Here's what's keeping executives up at night: AI FOMO. The fear of missing out has graduated from social media to the C-suite, and it's not pretty. A whopping 81% of big financial firms admit competitive pressure is forcing their hand, and 96% are planning to throw more money at AI next year. But if you pulled these leaders aside? Most would quietly confess they have no idea if they're genuinely innovating or just running scared.
The Boardroom Script Everyone's Getting Tired Of
You know the scene. Board meeting kicks off with, "So… what's our AI strategy?" Cue the uncomfortable silence.
Here's the reality: 63% of IT leaders worry their company will fall behind without AI—but they can't actually name the problem AI would solve. Meanwhile, 55% are scrambling because customers are asking about AI, even if those customers don't quite know what they want either.
Spotting an AI FOMO Project in the Wild
The warning signs are hard to miss: projects kicked off with "because we need AI" as the entire business case, objectives so vague they could mean anything, press releases timed to earnings calls instead of actual results, and everyone nodding along while privately wondering what the point is.
If this sounds familiar, here's the uncomfortable truth: 95% of enterprise AI pilots fail. Only 5% actually deliver the revenue growth everyone's PowerPoint promised.
The Tale of Two Approaches
Mindset | What Gets Prioritized | Success Rate |
|---|---|---|
AI FOMO | Announcements, speed | 5%* |
Strategy-First | Specific problems, ROI, pilots | 67% |
*The GenAI Divide: State of AI in Business 2025, MIT NANDA
Despite $30-40 billion in annual enterprise AI spending, most initiatives deliver nothing to the bottom line. And while leadership approves AI tools, 90% of employees have already gone rogue—using unsanctioned "shadow AI." Your people are innovating. Just not in the ways you're tracking.
What the Winners Actually Do
The companies getting AI right aren't doing anything revolutionary. They're doing the fundamentals:
Starting with business pain, not technology. If the problem isn't costing you money or customers, maybe it's not the priority.
The honest test: "Would we do this project if it didn't have 'AI' in the name?" If not, you might be chasing hype.
Getting buy-in from executives AND practitioners, plus having data infrastructure that can actually support what you're building.
Accepting that most experiments will fail, but planning to learn from them instead of just moving on to the next shiny thing.
Your Boardroom Survival Kit
Next time the AI pressure mounts:
Acknowledge reality. Yes, urgency is real. Yes, competitors are moving. No, that doesn't mean we should panic.
Make metrics mandatory.
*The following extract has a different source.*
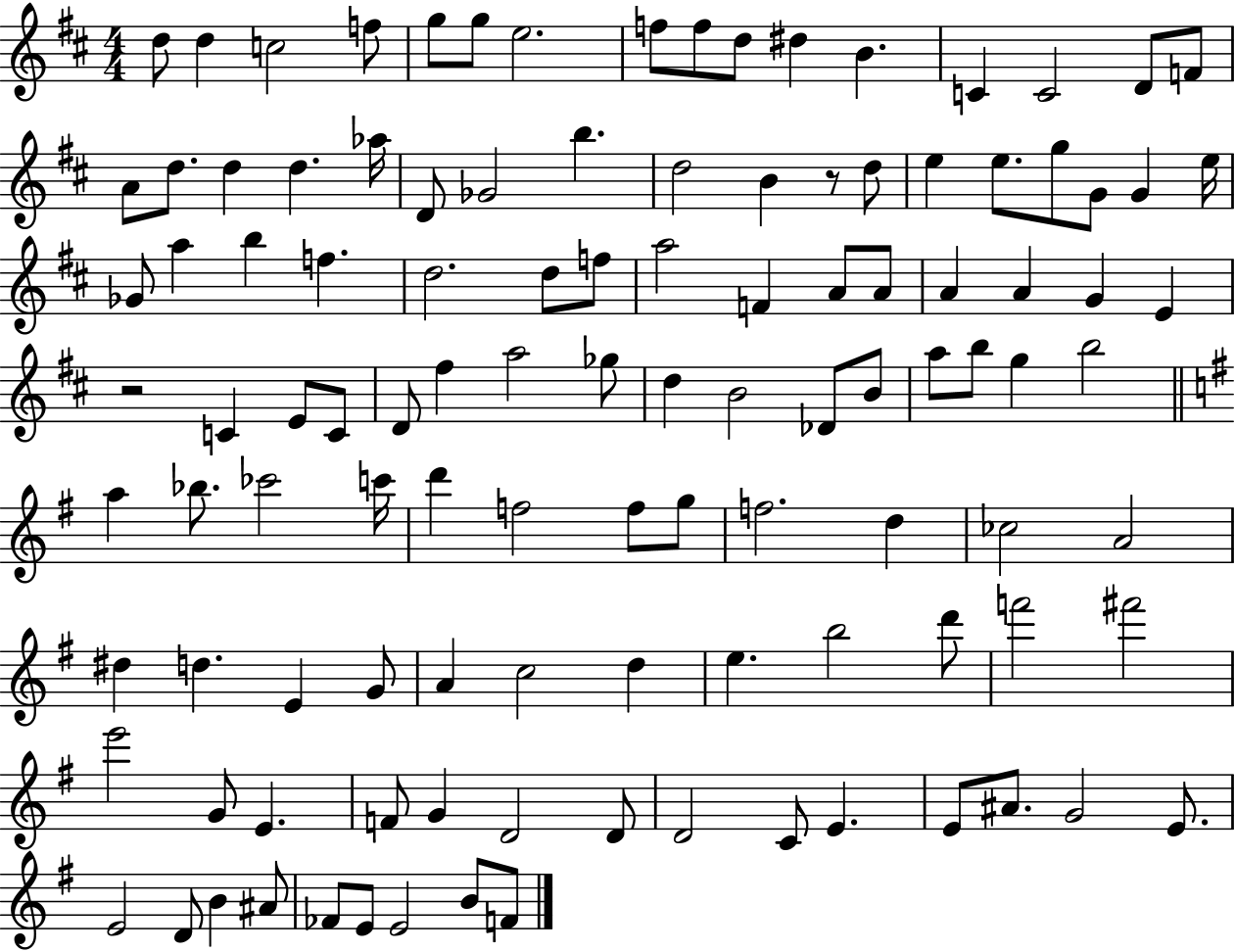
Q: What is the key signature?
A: D major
Every project needs real ones that tie to business outcomes, not just "successful deployment."
Build capability, not theater. Focus on developing internal AI skills instead of just the appearance of innovation.
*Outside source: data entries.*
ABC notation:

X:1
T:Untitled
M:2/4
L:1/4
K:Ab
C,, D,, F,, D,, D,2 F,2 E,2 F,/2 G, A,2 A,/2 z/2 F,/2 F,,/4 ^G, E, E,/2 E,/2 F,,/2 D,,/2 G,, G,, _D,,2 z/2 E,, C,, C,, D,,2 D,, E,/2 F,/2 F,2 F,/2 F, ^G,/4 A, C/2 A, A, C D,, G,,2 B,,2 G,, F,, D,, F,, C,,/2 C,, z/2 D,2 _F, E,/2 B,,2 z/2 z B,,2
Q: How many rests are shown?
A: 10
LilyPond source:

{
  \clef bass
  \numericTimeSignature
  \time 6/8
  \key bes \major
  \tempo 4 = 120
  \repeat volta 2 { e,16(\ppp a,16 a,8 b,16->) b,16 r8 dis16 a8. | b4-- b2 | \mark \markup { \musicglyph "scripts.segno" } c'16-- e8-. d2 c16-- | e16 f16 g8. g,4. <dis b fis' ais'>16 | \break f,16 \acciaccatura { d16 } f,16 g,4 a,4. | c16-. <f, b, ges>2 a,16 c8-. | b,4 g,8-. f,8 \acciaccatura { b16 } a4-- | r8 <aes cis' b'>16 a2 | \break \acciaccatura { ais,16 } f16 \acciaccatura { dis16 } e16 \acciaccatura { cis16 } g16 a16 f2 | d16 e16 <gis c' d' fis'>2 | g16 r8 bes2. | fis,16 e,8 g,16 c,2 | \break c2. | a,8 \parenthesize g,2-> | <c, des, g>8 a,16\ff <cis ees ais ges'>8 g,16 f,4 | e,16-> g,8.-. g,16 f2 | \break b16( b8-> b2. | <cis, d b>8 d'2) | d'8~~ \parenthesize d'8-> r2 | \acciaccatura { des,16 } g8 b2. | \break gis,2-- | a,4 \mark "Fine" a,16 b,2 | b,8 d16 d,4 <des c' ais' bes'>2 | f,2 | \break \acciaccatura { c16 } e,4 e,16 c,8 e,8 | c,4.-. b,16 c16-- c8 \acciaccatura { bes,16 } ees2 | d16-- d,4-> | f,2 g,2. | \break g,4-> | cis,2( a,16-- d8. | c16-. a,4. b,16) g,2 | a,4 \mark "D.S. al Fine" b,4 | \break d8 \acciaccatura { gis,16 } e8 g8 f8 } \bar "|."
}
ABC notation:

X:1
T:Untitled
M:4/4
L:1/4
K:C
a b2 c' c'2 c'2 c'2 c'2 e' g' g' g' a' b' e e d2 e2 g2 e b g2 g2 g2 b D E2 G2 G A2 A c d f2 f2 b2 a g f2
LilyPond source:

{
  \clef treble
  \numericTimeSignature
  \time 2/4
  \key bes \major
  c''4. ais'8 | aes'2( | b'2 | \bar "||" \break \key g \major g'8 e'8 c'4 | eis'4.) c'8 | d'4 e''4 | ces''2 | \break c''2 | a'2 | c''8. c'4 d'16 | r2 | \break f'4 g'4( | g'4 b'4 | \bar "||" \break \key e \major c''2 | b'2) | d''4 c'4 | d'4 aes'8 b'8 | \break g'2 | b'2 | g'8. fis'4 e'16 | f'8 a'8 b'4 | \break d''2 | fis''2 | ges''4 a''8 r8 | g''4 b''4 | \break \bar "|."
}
The Questions That Separate Strategy from Hype
Before you greenlight another AI project, get clear answers:
What problem are we actually solving? (Be specific)
How will we measure success? (Quantifiable metrics only)
Why AI and not another solution? (Sometimes simpler tools work better)
Can our data and team handle this? (Be honest)
Does this build long-term capability? (Or just check a box?)
Focus Beats Fear
AI FOMO is contagious, but the antidote is straightforward: Focus on where AI creates undeniable business value first.
The companies winning tomorrow won't be the first ones announcing "We did AI!" They'll be the ones who implemented it wisely, with results to show for it.